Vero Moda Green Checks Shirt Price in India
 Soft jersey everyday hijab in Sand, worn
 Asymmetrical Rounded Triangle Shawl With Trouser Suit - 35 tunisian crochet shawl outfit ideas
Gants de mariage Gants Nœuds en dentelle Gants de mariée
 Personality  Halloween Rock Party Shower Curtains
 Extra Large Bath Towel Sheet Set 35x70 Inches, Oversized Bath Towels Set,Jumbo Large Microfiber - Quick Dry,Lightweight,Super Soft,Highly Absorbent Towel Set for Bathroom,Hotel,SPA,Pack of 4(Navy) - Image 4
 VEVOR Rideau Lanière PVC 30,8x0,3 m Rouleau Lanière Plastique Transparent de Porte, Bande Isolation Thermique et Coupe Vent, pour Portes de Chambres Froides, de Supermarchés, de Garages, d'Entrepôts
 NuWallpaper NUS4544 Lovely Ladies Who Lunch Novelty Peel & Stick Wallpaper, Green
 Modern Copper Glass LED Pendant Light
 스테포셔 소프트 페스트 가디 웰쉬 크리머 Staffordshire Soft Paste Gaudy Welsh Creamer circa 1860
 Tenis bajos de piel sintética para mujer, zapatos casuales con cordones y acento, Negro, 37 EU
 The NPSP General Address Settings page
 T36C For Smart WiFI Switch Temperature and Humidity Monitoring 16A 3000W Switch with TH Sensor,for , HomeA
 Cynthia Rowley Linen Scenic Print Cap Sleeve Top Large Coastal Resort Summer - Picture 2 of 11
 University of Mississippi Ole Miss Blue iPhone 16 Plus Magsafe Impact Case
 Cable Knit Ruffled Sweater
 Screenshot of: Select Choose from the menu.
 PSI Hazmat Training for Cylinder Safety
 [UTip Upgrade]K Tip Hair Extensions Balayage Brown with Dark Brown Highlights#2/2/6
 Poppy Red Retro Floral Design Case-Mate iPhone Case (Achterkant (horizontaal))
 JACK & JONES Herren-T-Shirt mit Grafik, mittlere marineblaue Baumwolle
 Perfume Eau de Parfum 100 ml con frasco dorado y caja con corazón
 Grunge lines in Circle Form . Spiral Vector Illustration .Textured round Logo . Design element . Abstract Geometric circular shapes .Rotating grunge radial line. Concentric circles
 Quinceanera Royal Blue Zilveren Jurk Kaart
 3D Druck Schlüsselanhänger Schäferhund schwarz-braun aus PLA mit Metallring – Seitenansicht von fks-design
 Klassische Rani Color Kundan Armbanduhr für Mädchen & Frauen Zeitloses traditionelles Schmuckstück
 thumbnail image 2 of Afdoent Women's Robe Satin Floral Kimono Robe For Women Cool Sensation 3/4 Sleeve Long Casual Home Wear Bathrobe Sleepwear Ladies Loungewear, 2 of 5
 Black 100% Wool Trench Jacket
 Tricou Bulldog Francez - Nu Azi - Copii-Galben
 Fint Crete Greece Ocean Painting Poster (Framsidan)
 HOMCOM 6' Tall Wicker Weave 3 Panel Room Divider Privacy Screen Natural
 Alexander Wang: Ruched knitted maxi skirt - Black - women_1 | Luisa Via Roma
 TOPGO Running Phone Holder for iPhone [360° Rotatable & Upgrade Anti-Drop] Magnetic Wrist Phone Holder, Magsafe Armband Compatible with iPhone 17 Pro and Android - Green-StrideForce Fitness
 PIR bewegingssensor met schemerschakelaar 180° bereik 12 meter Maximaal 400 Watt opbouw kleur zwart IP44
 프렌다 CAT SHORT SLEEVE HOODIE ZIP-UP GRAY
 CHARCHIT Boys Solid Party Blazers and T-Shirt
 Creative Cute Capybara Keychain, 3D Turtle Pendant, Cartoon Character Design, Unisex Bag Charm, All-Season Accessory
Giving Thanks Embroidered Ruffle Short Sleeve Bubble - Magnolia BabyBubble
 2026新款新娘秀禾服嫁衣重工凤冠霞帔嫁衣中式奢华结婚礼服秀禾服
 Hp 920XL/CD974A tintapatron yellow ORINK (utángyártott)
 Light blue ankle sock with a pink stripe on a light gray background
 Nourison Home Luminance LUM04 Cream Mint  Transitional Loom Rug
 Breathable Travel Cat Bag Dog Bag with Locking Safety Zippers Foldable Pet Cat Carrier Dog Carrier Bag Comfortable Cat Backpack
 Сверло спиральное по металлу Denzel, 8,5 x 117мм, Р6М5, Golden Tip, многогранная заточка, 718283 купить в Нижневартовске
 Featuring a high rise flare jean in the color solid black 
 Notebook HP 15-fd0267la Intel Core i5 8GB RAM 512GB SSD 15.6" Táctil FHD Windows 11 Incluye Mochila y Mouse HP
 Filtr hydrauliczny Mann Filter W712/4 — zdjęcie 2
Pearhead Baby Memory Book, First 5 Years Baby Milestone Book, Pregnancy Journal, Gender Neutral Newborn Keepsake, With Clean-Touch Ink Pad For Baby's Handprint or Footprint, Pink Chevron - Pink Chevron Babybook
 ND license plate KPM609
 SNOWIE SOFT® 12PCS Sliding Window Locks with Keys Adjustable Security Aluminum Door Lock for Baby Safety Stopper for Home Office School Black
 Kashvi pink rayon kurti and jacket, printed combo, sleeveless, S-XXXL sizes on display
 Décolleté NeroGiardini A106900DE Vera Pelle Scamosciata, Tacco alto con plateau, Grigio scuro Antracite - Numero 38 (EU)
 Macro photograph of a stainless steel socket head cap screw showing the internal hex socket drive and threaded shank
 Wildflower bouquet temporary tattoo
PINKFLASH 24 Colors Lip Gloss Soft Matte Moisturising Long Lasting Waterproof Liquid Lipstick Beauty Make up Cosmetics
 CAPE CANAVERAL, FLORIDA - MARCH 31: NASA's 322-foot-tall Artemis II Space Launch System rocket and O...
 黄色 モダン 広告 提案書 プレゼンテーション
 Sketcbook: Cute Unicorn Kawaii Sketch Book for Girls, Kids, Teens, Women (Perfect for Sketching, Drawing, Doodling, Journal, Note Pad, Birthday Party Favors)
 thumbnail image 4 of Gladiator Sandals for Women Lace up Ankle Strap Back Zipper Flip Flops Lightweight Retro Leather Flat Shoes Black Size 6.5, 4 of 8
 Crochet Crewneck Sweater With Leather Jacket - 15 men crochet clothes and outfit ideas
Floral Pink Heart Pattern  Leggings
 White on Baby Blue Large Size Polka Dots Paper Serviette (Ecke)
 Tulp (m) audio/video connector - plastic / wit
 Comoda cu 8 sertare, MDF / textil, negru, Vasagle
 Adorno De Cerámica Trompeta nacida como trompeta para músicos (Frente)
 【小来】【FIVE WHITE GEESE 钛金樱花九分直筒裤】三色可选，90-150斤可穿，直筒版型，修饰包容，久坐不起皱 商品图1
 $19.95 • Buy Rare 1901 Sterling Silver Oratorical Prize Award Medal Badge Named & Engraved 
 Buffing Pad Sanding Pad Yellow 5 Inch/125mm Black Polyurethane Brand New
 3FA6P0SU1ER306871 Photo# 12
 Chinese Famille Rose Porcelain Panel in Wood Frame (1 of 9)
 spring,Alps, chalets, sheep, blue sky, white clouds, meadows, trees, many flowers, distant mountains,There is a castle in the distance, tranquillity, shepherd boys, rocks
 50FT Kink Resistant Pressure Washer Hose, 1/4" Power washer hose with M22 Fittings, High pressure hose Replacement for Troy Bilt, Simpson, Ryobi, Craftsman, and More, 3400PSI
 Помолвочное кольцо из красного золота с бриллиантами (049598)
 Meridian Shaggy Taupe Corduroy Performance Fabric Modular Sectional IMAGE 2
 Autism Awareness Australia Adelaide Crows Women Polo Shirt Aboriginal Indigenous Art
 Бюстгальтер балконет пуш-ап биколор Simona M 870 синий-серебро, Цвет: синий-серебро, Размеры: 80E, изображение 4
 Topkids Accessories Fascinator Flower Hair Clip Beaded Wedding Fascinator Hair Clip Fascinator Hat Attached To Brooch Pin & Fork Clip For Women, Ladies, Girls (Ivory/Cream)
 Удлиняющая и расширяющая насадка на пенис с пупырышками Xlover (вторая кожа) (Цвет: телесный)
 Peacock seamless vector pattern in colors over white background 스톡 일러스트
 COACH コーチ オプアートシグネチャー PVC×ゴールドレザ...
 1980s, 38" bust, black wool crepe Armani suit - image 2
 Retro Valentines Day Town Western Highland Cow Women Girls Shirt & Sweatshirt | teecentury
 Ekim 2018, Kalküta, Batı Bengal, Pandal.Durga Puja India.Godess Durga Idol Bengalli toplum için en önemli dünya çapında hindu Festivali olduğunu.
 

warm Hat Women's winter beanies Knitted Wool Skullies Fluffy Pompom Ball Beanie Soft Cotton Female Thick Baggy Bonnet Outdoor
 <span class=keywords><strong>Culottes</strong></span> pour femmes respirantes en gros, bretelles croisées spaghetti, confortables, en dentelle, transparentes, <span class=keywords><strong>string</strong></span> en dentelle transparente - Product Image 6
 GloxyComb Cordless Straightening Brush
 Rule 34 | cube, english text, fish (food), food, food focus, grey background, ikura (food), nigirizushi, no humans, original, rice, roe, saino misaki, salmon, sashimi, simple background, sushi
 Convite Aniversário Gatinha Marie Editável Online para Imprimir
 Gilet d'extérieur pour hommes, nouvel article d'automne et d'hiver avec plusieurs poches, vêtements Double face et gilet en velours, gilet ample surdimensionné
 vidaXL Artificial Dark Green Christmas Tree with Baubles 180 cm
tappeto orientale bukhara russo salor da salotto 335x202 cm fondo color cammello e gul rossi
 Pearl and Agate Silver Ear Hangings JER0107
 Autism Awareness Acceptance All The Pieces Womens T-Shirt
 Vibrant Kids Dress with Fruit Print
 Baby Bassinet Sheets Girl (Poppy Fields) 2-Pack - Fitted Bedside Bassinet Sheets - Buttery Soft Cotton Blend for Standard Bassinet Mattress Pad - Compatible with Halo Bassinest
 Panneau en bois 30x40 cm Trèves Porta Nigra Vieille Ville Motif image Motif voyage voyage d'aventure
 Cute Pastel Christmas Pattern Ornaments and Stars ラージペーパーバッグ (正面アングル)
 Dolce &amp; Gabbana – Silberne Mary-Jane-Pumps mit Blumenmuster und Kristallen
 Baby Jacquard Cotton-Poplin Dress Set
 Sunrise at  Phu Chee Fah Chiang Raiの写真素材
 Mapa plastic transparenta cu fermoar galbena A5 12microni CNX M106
---*---
• [ACTION ITEM]
All lines from the beginning of the entries through the line marked "Party Shower Curtains" are to be output exactly; nothing else belongs in the answer.

• [OUTPUT FOR THIS TASK]
Vero Moda Green Checks Shirt Price in India
 Soft jersey everyday hijab in Sand, worn
 Asymmetrical Rounded Triangle Shawl With Trouser Suit - 35 tunisian crochet shawl outfit ideas
Gants de mariage Gants Nœuds en dentelle Gants de mariée
 Personality  Halloween Rock Party Shower Curtains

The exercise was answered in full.